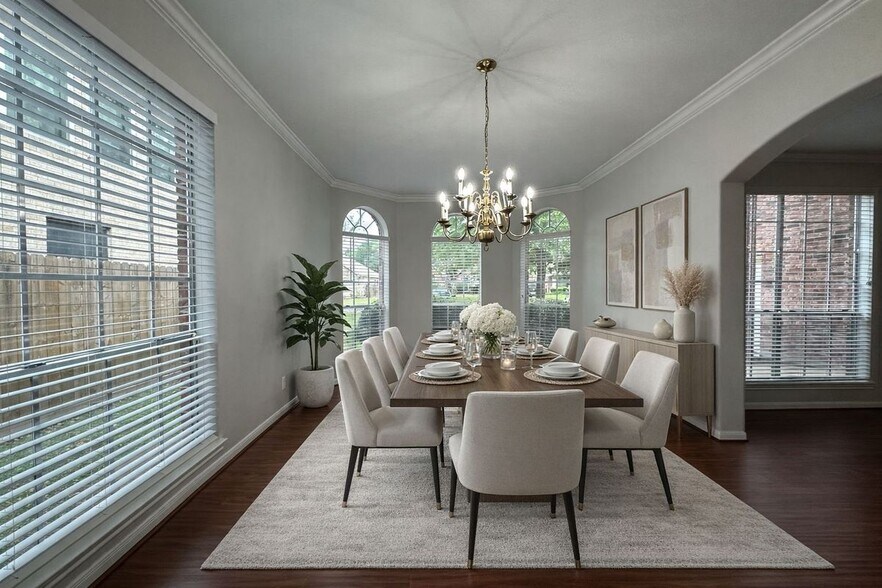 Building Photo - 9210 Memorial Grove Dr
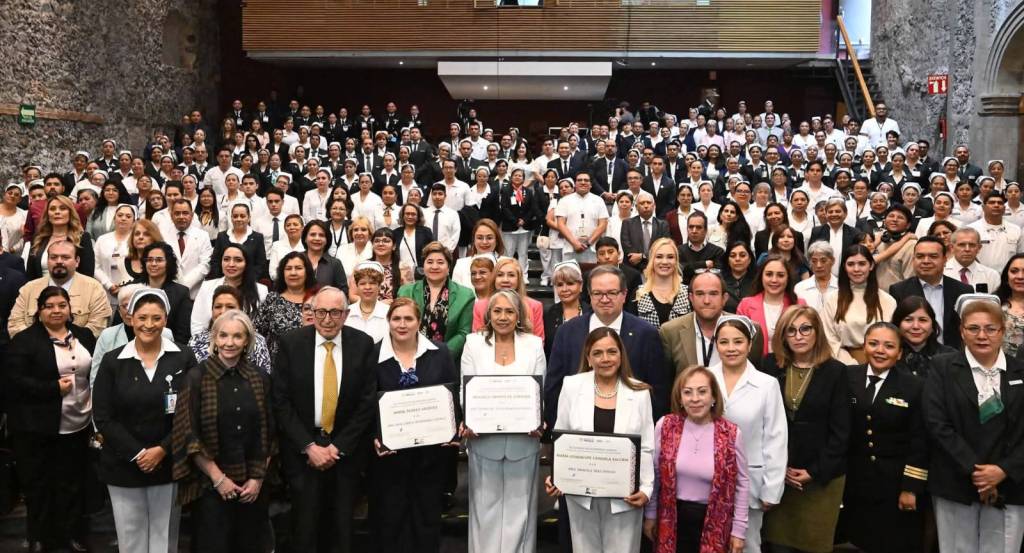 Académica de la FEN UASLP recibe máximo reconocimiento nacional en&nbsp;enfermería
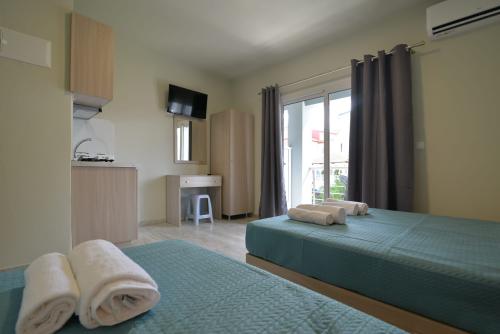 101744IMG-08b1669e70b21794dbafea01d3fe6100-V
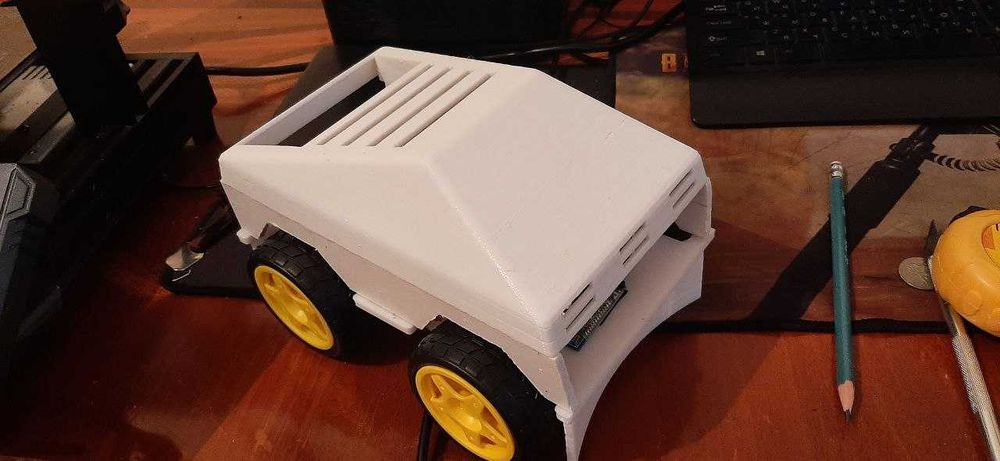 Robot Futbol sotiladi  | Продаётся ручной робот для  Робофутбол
------------
Try it.
The listing above is to be written out again exactly, with its pictures omitted.

Output.
 Building Photo - 9210 Memorial Grove Dr
 Académica de la FEN UASLP recibe máximo reconocimiento nacional en&nbsp;enfermería
 101744IMG-08b1669e70b21794dbafea01d3fe6100-V
 Robot Futbol sotiladi  | Продаётся ручной робот для  Робофутбол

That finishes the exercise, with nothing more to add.